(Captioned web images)

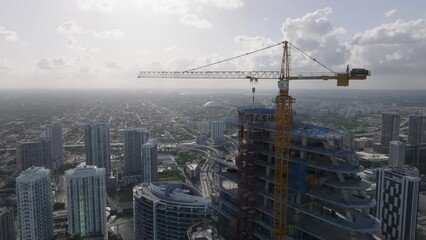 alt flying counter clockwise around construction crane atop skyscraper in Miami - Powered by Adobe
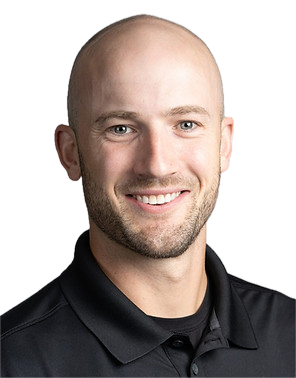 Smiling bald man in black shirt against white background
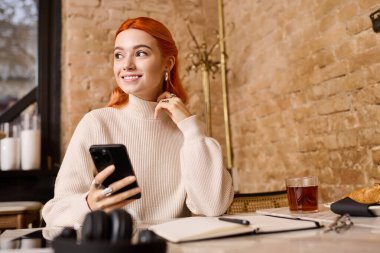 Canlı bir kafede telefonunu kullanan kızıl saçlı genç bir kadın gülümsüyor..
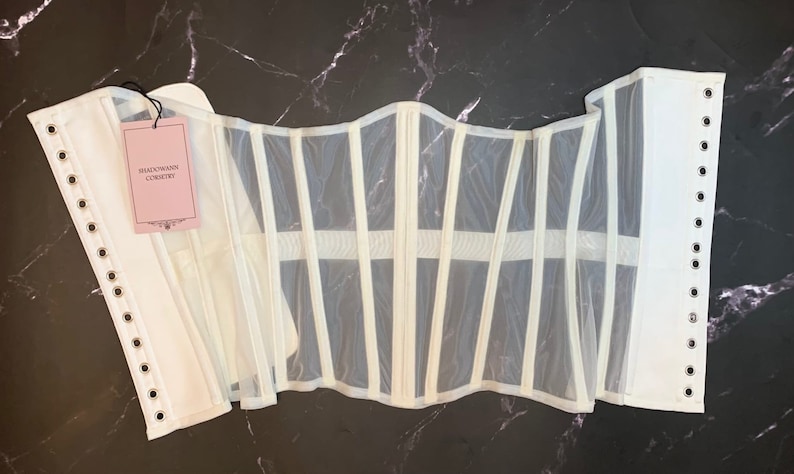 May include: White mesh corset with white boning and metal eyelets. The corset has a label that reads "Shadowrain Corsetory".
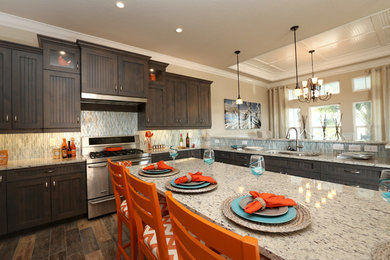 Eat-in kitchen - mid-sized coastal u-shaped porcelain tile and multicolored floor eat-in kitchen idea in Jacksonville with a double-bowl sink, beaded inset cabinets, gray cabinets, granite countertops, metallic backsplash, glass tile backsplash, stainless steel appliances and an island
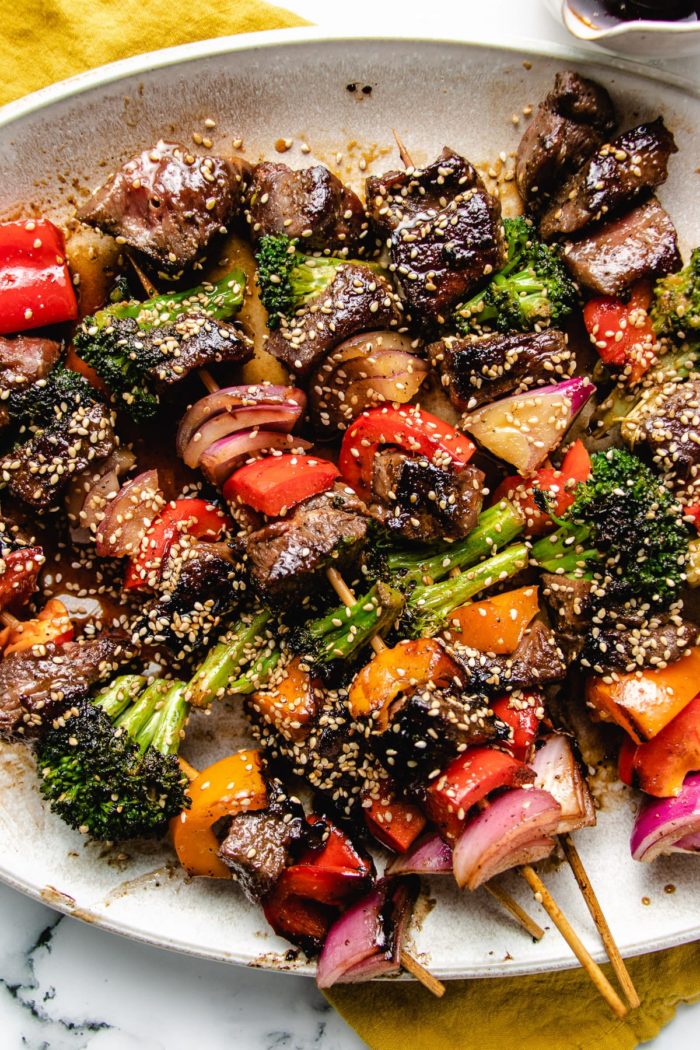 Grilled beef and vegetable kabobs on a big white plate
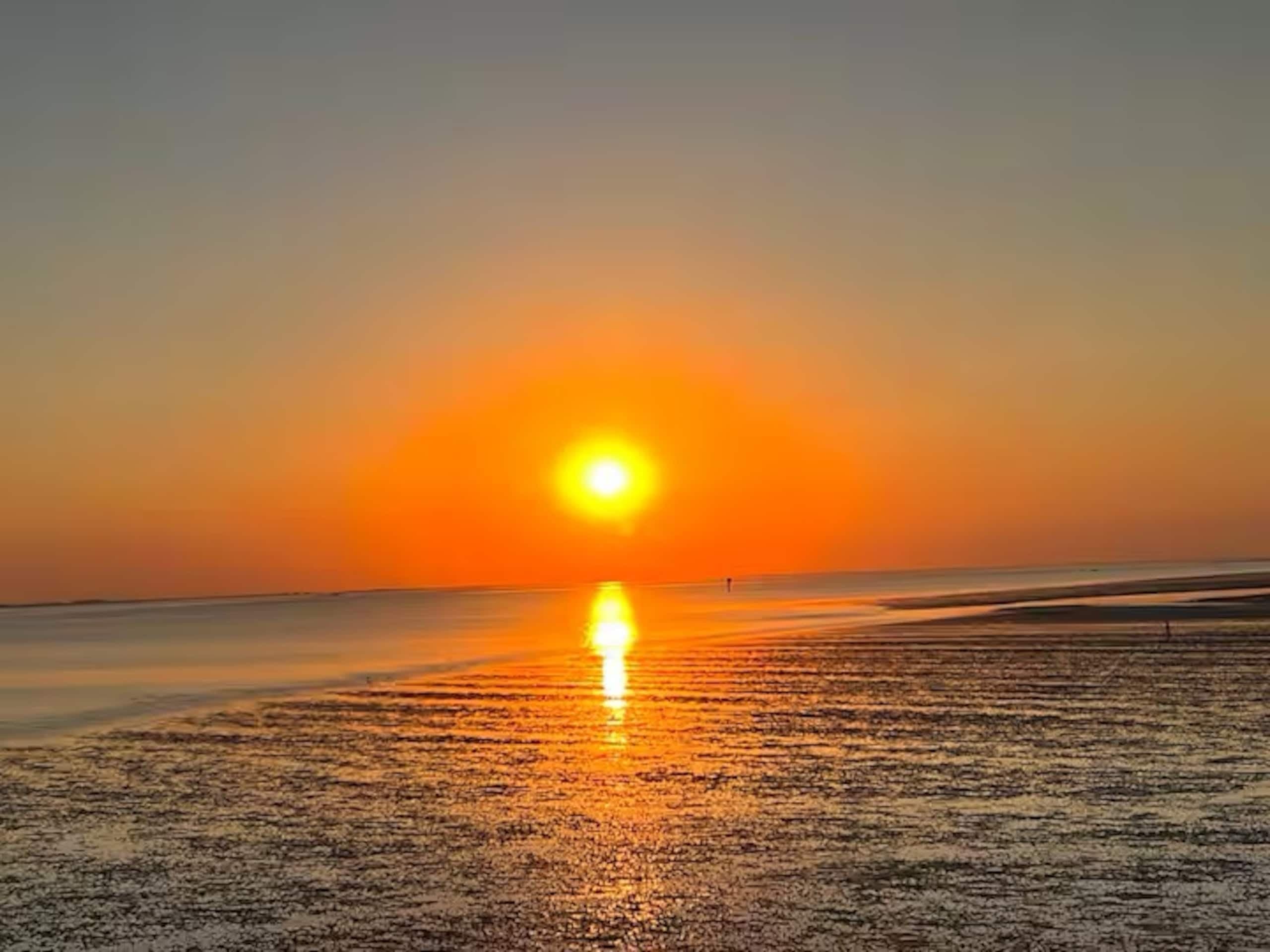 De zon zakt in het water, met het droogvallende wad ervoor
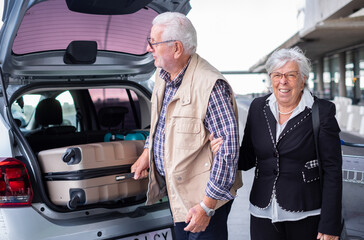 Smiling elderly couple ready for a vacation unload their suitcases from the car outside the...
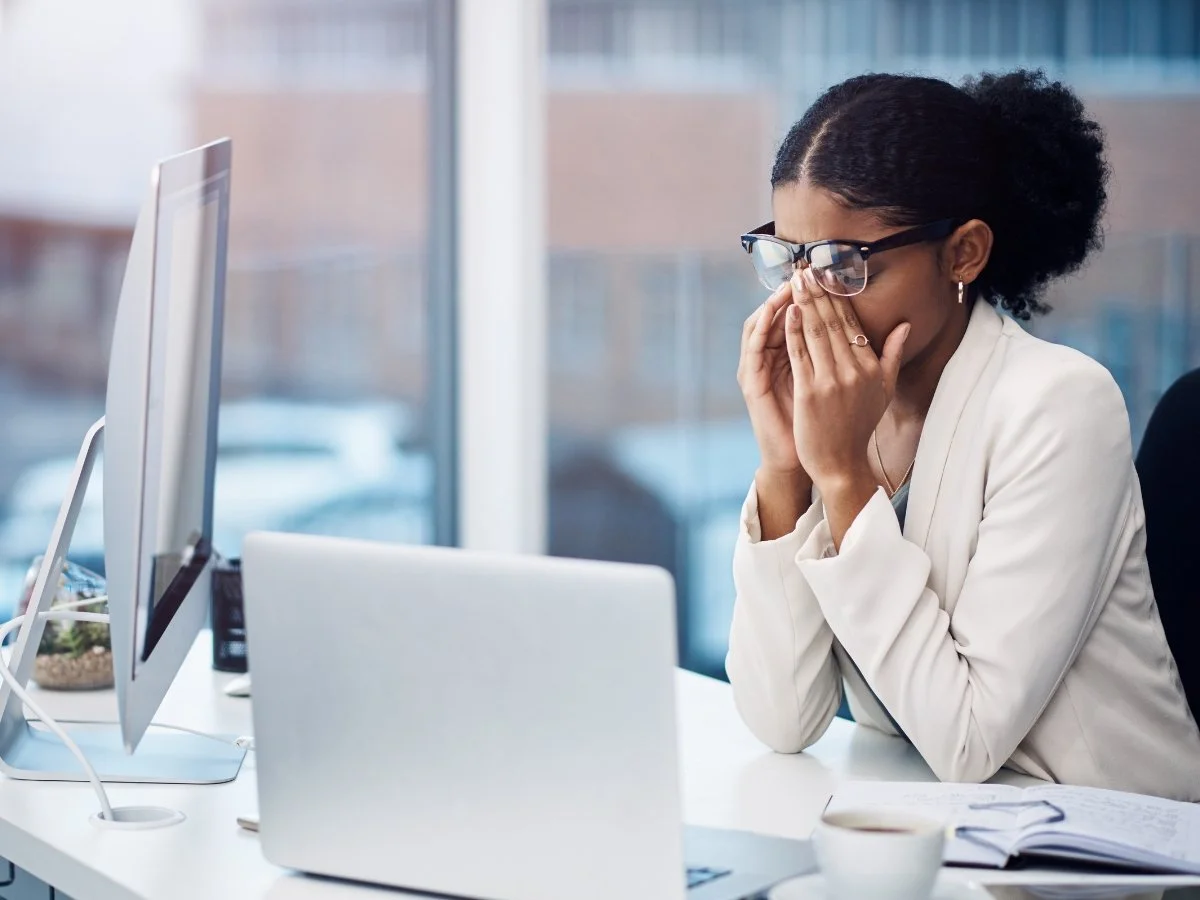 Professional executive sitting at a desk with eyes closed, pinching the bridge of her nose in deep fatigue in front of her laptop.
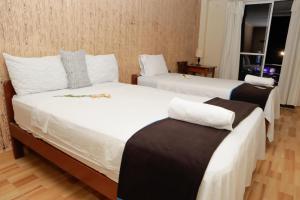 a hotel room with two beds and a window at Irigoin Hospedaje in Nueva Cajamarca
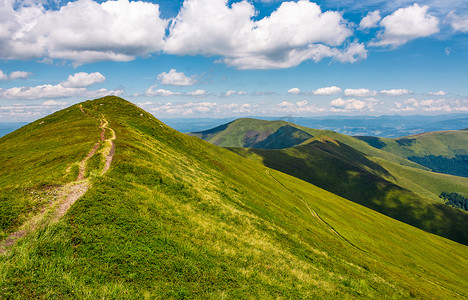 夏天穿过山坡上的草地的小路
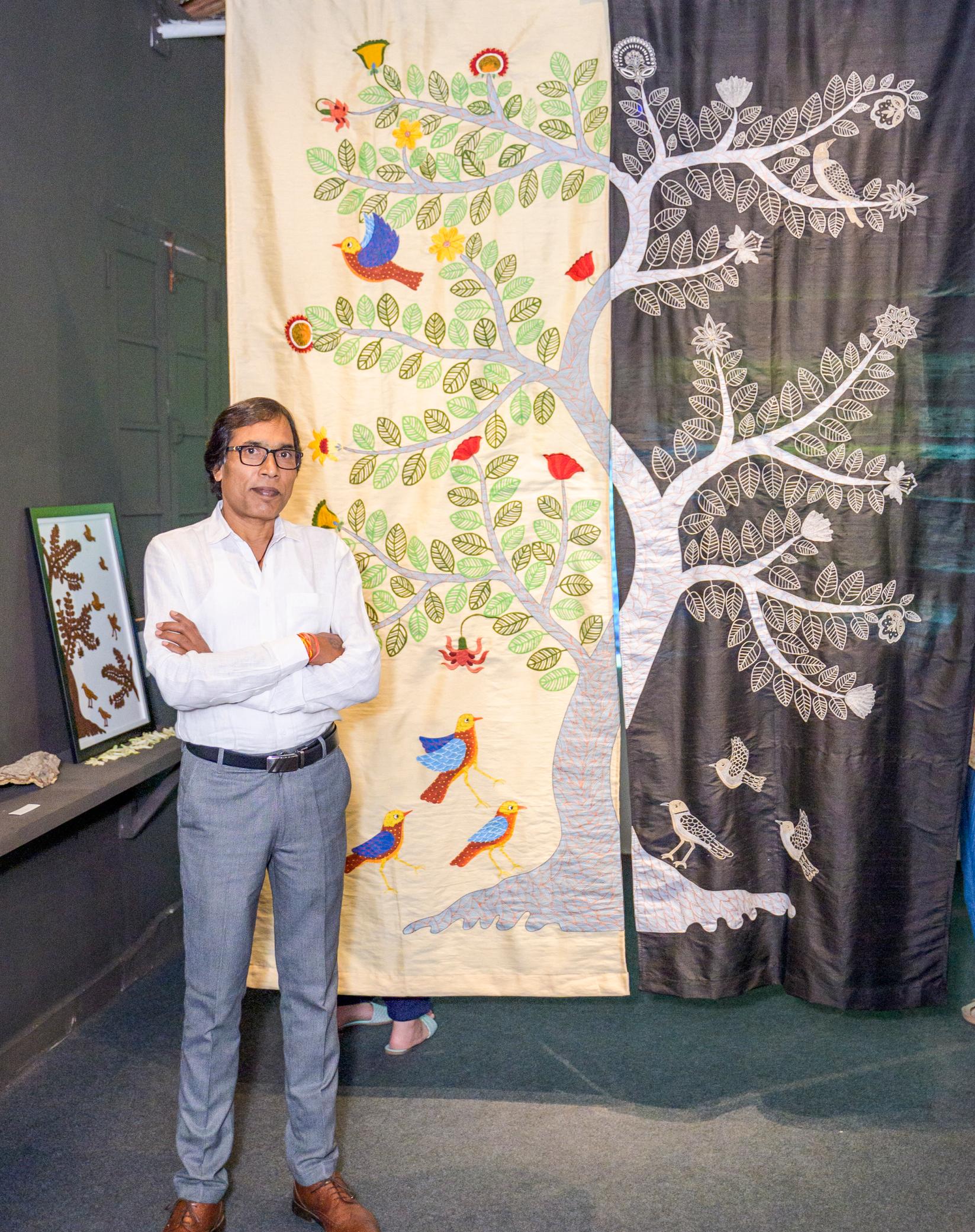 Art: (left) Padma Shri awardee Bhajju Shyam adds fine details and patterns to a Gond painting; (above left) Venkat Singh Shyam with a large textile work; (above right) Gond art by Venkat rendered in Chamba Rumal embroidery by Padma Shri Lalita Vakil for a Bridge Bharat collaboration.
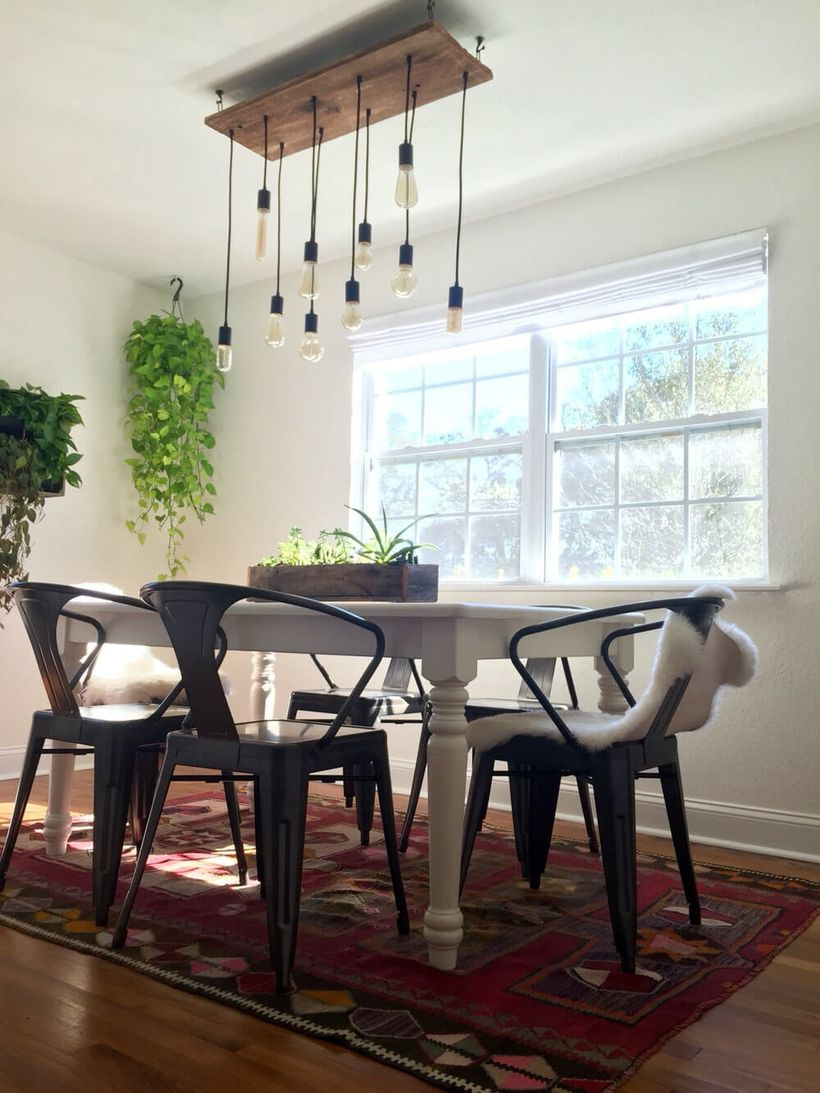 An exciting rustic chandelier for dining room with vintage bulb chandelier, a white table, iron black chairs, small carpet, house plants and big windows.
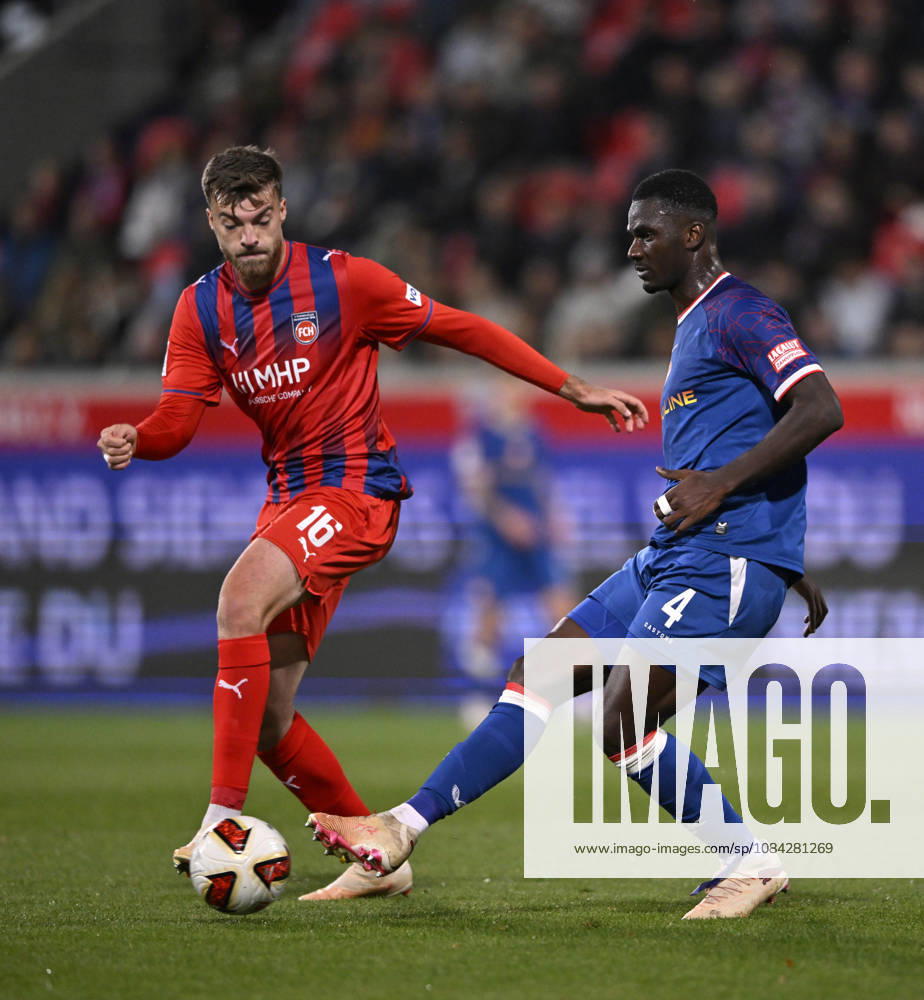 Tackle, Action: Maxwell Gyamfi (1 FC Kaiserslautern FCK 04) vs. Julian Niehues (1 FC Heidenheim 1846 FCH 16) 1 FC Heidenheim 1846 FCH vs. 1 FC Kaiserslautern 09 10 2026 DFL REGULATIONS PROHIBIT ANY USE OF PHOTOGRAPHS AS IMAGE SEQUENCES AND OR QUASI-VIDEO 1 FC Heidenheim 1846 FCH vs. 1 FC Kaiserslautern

_Activity_
Would you copy the lines above exactly, starting with the one that has "Canlı bir kafede" and ending with the one that has "Smiling elderly couple", both included, without the pictures?

_Exercise response_
 Canlı bir kafede telefonunu kullanan kızıl saçlı genç bir kadın gülümsüyor..
 May include: White mesh corset with white boning and metal eyelets. The corset has a label that reads "Shadowrain Corsetory".
 Eat-in kitchen - mid-sized coastal u-shaped porcelain tile and multicolored floor eat-in kitchen idea in Jacksonville with a double-bowl sink, beaded inset cabinets, gray cabinets, granite countertops, metallic backsplash, glass tile backsplash, stainless steel appliances and an island
 Grilled beef and vegetable kabobs on a big white plate
 De zon zakt in het water, met het droogvallende wad ervoor
 Smiling elderly couple ready for a vacation unload their suitcases from the car outside the...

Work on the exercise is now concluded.